The use of a cleavable crosslinking reagent to identify neighboring proteins in the 30-S ribosomal subunit of Escherichia coli.

作者信息

Peretz H, Towbin H, Elson D

出版信息

Eur J Biochem. 1976 Mar 16;63(1):83-92. doi: 10.1111/j.1432-1033.1976.tb10210.x.

Abstract

A cleavable bifunctional reagent, dimethyl 3,3'-dithiobispropionimidate, has been used to crosslink proteins that occupy neighboring positions in the 30-S ribosomal subunit of Escherichia coli. The crosslinked proteins were identified, fully or partly, by their positions in two two-dimensional gel electrophoretic systems, one diagonal and the other quasi-diagonal, in which the complexes were cleaved after the first-dimensional run.

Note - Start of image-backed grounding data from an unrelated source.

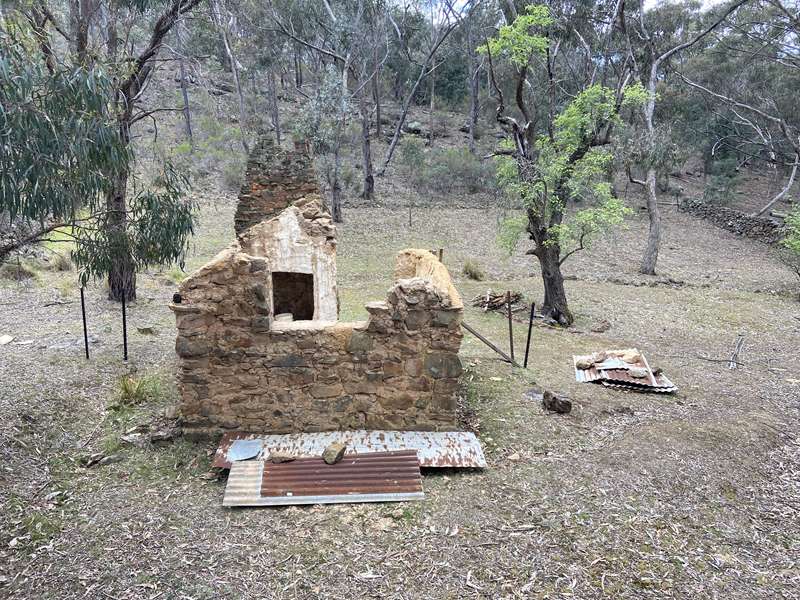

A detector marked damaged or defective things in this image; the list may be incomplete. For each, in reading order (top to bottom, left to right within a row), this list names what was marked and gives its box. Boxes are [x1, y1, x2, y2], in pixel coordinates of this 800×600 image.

rusty corrugated iron [572, 352, 680, 394]
rusty corrugated iron [212, 428, 484, 472]
rusty corrugated iron [223, 450, 424, 506]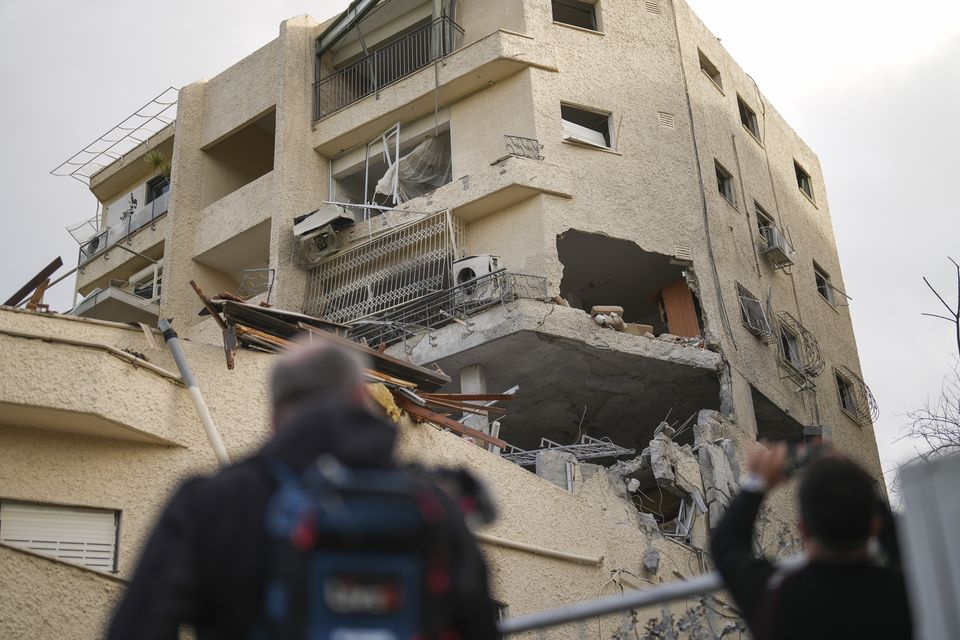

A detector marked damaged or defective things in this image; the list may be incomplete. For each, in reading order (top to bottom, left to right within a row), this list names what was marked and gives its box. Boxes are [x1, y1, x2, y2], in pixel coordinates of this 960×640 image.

broken railing [316, 15, 464, 119]
broken railing [350, 270, 548, 350]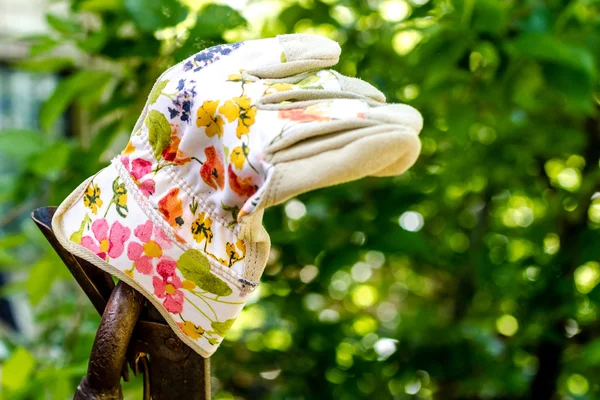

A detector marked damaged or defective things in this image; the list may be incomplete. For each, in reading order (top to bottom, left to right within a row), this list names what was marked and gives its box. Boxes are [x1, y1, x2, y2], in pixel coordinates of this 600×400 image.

rusty metal post [32, 208, 213, 398]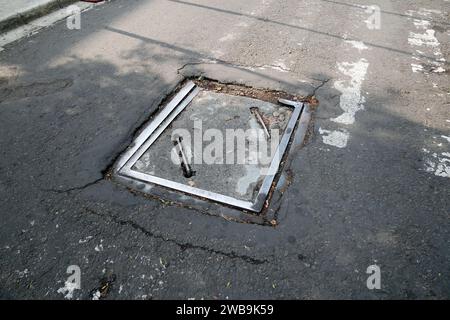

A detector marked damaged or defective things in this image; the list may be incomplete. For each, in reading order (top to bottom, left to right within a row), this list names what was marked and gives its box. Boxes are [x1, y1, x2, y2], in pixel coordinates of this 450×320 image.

white paint patch on asphalt [332, 58, 368, 125]
white paint patch on asphalt [318, 127, 350, 149]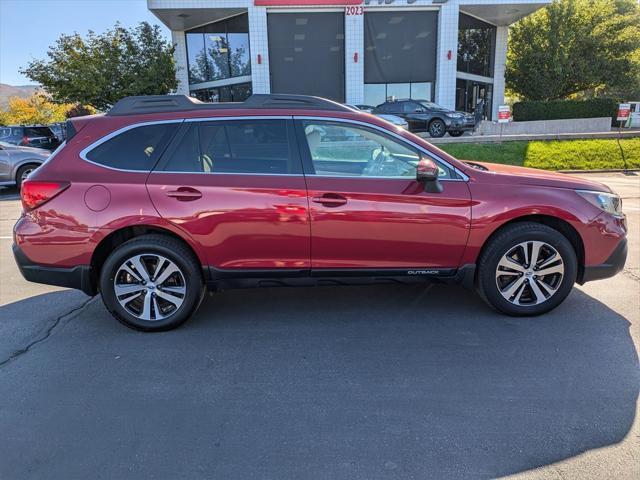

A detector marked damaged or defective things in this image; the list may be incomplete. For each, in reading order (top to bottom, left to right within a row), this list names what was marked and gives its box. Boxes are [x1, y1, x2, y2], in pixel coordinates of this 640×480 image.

pavement crack [0, 296, 94, 368]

It was found to be necessary to block the protein sulfhydryl groups in order to prevent artifactual disulfide crosslinking after extraction of the protein from ribosome. Eleven crosslinked complexes were detected. Four were fully identified: the triplet S4-S5-S8, and the pairs S2-S3, S4-S5, and S5-S8. In five others one component was identified unambiguously. No additional complexes were seen when the longer homologous butyro and capro reagents were used.

摘要

一种可裂解的双功能试剂,3,3'-二硫代双丙酰亚胺二甲酯,已被用于交联在大肠杆菌30-S核糖体亚基中占据相邻位置的蛋白质。通过交联蛋白质在两种二维凝胶电泳系统中的位置,对其进行了全部或部分鉴定,一种是对角线系统,另一种是准对角线系统,其中复合物在一维电泳后被裂解。发现有必要封闭蛋白质的巯基,以防止从核糖体中提取蛋白质后出现人为的二硫键交联。检测到11种交联复合物。其中4种已完全鉴定:三联体S4-S5-S8,以及配对S2-S3、S4-S5和S5-S8。在另外5种复合物中,明确鉴定出了其中一个组分。当使用更长的同源丁酰和己酰试剂时,未观察到其他复合物。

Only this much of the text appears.